I've just spent a very pleasant and informative hour watching a YouTube of the "preview" for "Google Wave" at a web development conference.

The little YouTube vid might be one giant ad for a new product but because the product is going to be Open Source (more or less), it means that it has the potential to become one of the most revolutionary communication tools to hit our desktops and mobile devices since the advent of email!

I watched the entire presentation! That's saying something for me! I usually lose interest pretty quickly on this under the hood techy stuff. I don't fully comprehend the inner workings of the www but I like what it produces. This video presentation however, is not that dull really and there wasn't much in it I didn't understand either. I am no developer and I can't read code other than a smattering of HTML. On this video, which explains what is intended with Google Wave when it launches, I could understand the implications of - and the amazing potential - to transform live, real time 'over-the-net-at-a-distance' conversations and collaborations, with people all over the world.

Dave Pollard pinpoints the potential of Google Wave nicely in a recent post of his and I'm grateful he's shown me the link! I'm quite blown away by the potential especially for community building.

Describing Google Wave is quite possibly going to be the hardest aspect of the whole thing I think. Many of the people I associate with outside of the www - in so-called "real life" - barely seem to grasp anything other than the usual suspects of online communications such as email and Instant Messaging. Web tools such as Facebook and Twitter are slowly becoming more common amongst friends and relatives but these are also reasonably linear and static in functionality. Google Wave appears to be a zillion times more interactive than ANY social media could conceive to be, (except maybe for Second Life - which is viewed by many in my immediate circles as totall NQR as in Not-Quite-Right. I'm apparently, more than a little "weird" for being a Second Lifer in these parts).

Google Wave is going to be tough to describe to friends, co-workers and family. It will be like trying to describe a spiral staircase - without using your hands - to demonstrate that concept to someone who has never seen one before.

So what IS Google Wave? Well....... let's see if I can encapsulate it, although I think Dave's story in his blog does this better really.

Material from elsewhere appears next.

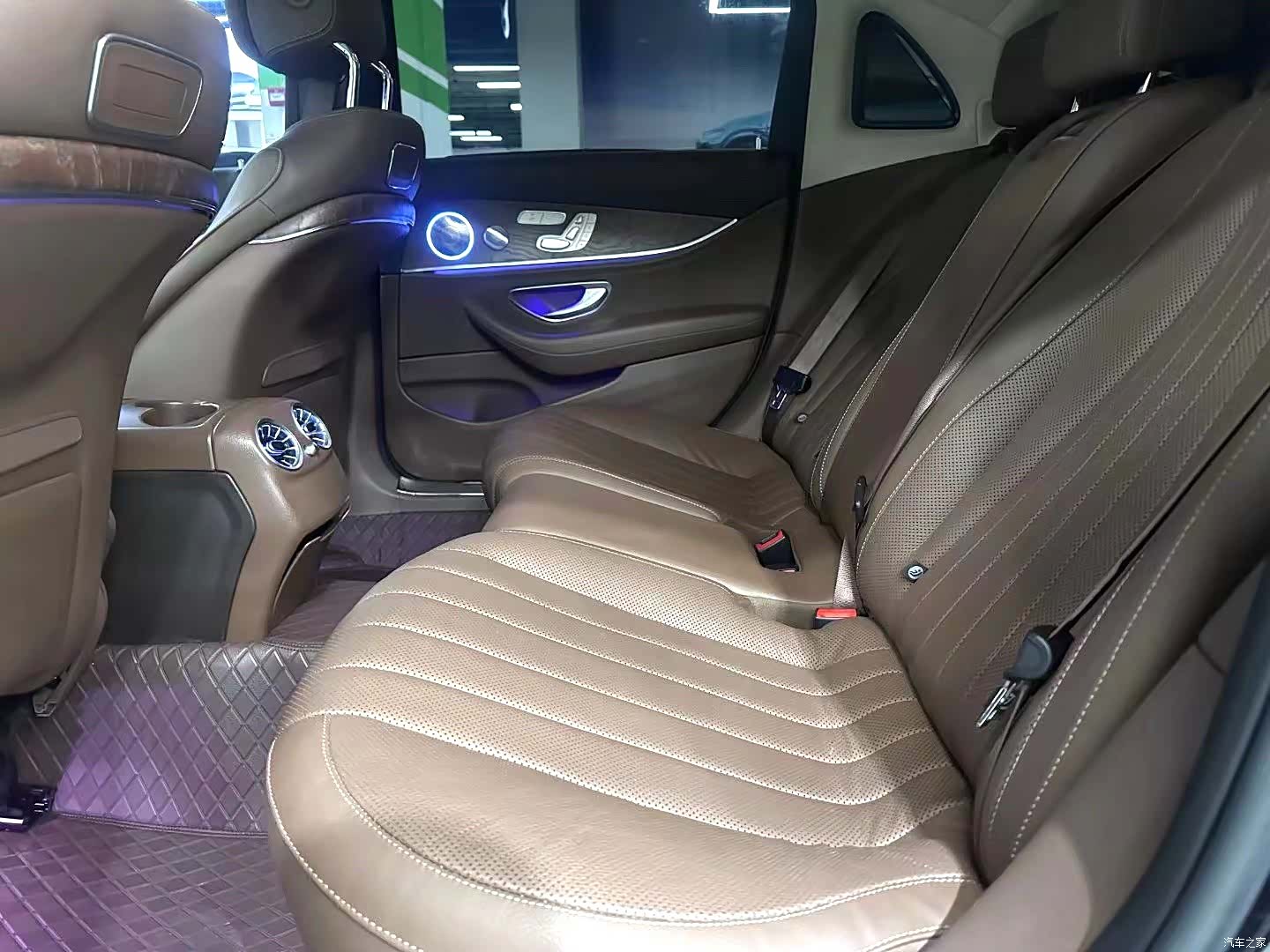 Mercedes-Benz E-Class, 2019 6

It's email; it's IM; it's a wiki; it's capable of supporting many innovative applications; it can interface with multiple kinds of social media, such as Twitter and Blogger.com; it's as private as you need it to be and as public as you want it to be. You can have multiple threads across several different waves and cohere them into one wave if necessary or you can take the threads of one wave and dissect it into multiple offspring conversations that can evolve into their own waves. It even has live real-time translation of other languages built in so that conversing in someone from France or Germany, Japan or Holland will eventually become as seamless as conversing with others in English. It uses the language protocols of the web to intuitively surmise your spelling AND context as you go. You can embed photo's, blog posts, tweets, vidcasts, podcasts, documents, and whatever else the current tech allows us to do online within a wave for others to manipulate or utilise or comment on. Google Wave will make Facebook look like a chalk board I think in time. Community is now officially "Global".

I can see so much potential for this type of online interactive tool. Thing is, here in my corner of the physical, real life experience, many people don't seem to fully grasp the possibilities of tools like this. We're so used to the linear versions of snail mail, email and telephone that applications like Google Wave might remain largely under utilised for some time here, except by those in the world who are highly invested in web based technology anyway. They would most likely include corporate business privateers, web developers, online marketers and a few hobbyist bloggers like myself. For the masses who are only just now tapping into the wonders of Facebook and Twitter - Google Wave is going to have to be a real snap for people to grasp....and explain to their friends!

The beauty is that Google Wave doesn't NEED to be on every computer in order for it to work! Just like with email and IM, it won't matter which service provider you have an account with, if you have the interface....ANY kind of wave interface.... you can access whatever wave of information comes your way, even if the other users in your wave have a different interface than you! That's the really cool thing about this new tool, it's open and adaptable to the market. The sheer flexibility of that will make the product probably work very seamlessly and I guess most people will just catch on regardless if they understand it or not.

What I'm really excited about is the possibility for a collaborative learning system for isolated rural communities. If we can bring high speed broadband into the regional areas of populated Australia, applications like Google Wave will revolutionise these tiny communities to strengthen relationships not just online but also within their own real world settings.

For example, communities can communicate with elected members of Parliament, educators and health advisors more efficiently. Kids won't need to leave their communities to go to Uni unless they really want to. Small business can have markets that don't rely on local populations to sustain them. And, I think there'd be a whole raft of conversations between linked rural hubs where meetings, networks, and grass-roots social exchanges would take place.

For example, someone says on a Wave, "Let's go down to the local hall and play 500 next week to raise money for the childcare centre"... from that one question, local members of the community can plan, iterate, select, argue, debate, execute all the required planning needed for the project to happen all within the Wave itself, where everyone can participate either in real time or when they log on later. Google Wave has the ability to allow people to "play-back" the threads of conversations they have come in on half way through. That way they can catch up with the conversation and they'll know exactly how it has played out so far. No more having to attend meetings physically to arrange community meetings! Wow!

This will not only save small communities a lot of time, it will revolutionise the way we plan and conduct meetings. We will still meet! But the getting to meeting will be handled more effectively via tools like Google Wave. It's not about replacing face-to-face, it's about having access and more importantly, input, into the process of conversation that will make the difference. The success of actual face-to-face will be that much greater as people will still effectively have been included in the process and the conversations for making that event happen.

If you have enough bandwidth to view the presentation, I heartily recommend you do. Google Wave is set to launch late 2009.

1 comment:

Chelle's Zone said...

I'm secretly hoping it will eliminate some meetings :) I can't wait for Google Wave!